Tighter phishing-resistant governance often increases integration and migration overhead, requiring organisations to balance stronger assurance against operational complexity. That tradeoff becomes sharp when one IAM stack is modern and another is tied to older protocols, outsourced administration, or regulatory carve-outs.

There is no universal standard for this yet, but best practice is evolving toward treating each IAM system as a separate assurance domain rather than assuming a label like “MFA enabled” means equivalent protection. A platform may support WebAuthn or certificate-based login, while another still permits fallback channels that are easier to intercept or replay. The same issue appears in non-human access when secrets live outside a central manager or when federated trust is accepted without equivalent issuance and revocation discipline. NHI Management Group notes that 96% of organisations store secrets outside secrets managers in vulnerable locations, which makes fragmented governance especially dangerous when those systems do not share the same control model. See also the Top 10 NHI Issues and the Ultimate Guide to NHIs — Regulatory and Audit Perspectives for audit pressure points.

The main edge case is M&A and shared-service environments, where perfect standardization is unrealistic in the short term. In those cases, governance should focus on documented exceptions, compensating controls, and measurable remediation timelines rather than pretending all systems already provide the same phishing resistance.

Standards & Framework Alignment

This section maps relevant standards and security frameworks to the operational risks and controls described in this guidance.

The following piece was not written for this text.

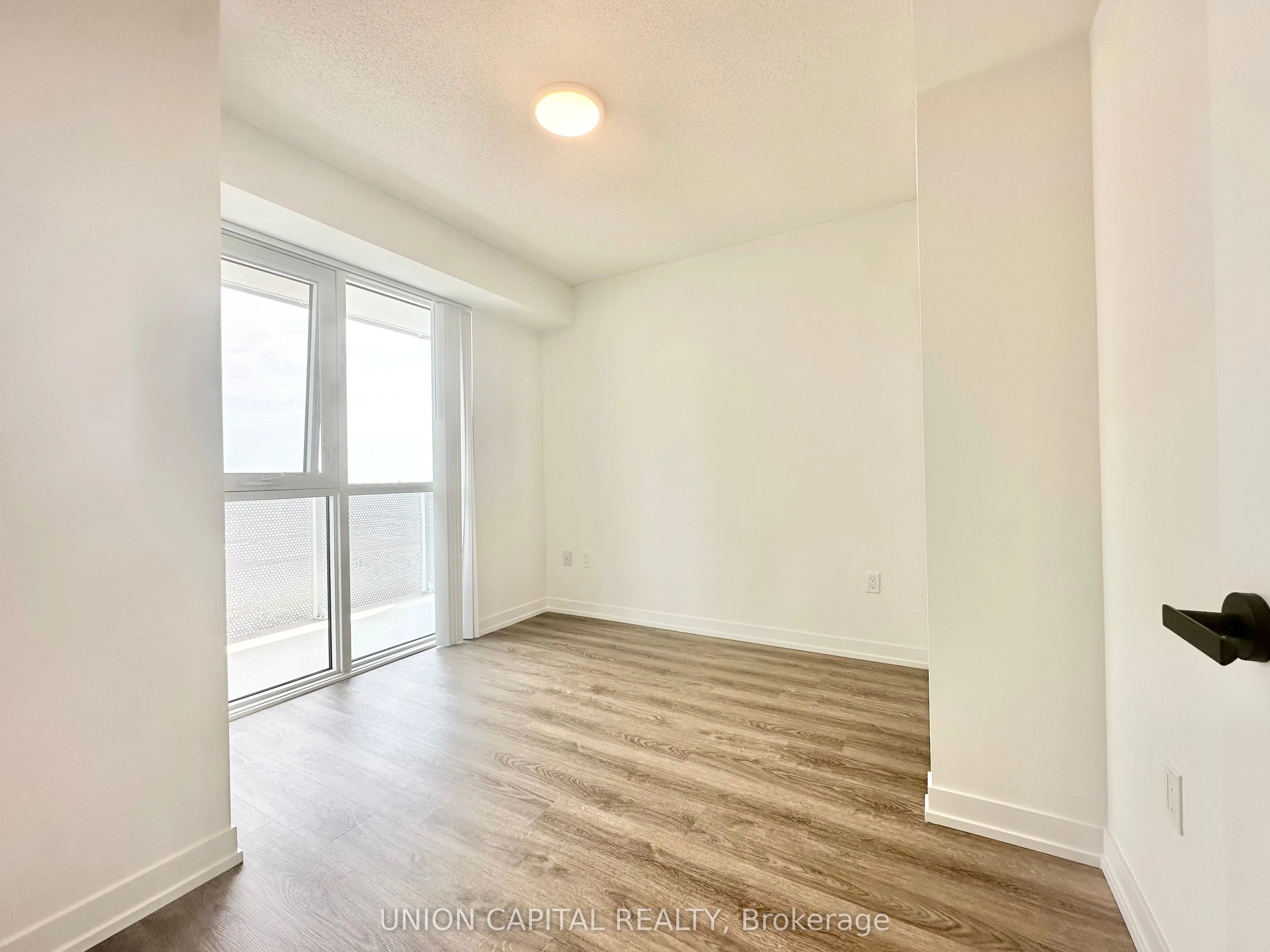 195 Commerce Street, #4017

OWASP Non-Human Identity Top 10 address the attack and risk surface, while NIST CSF 2.0 and NIST AI RMF set the governance and control requirements practitioners need to meet.

Framework Control / Reference Relevance
NIST CSF 2.0 PR.AC-1 Addresses identity proofing and access control consistency across systems.
OWASP Non-Human Identity Top 10 NHI-03 Covers weak secret lifecycle and replayable NHI credential exposure.
NIST AI RMF Supports governance of context, monitoring, and risk across distributed identity systems.

Use AI RMF governance practices to validate access decisions and monitor drift continuously.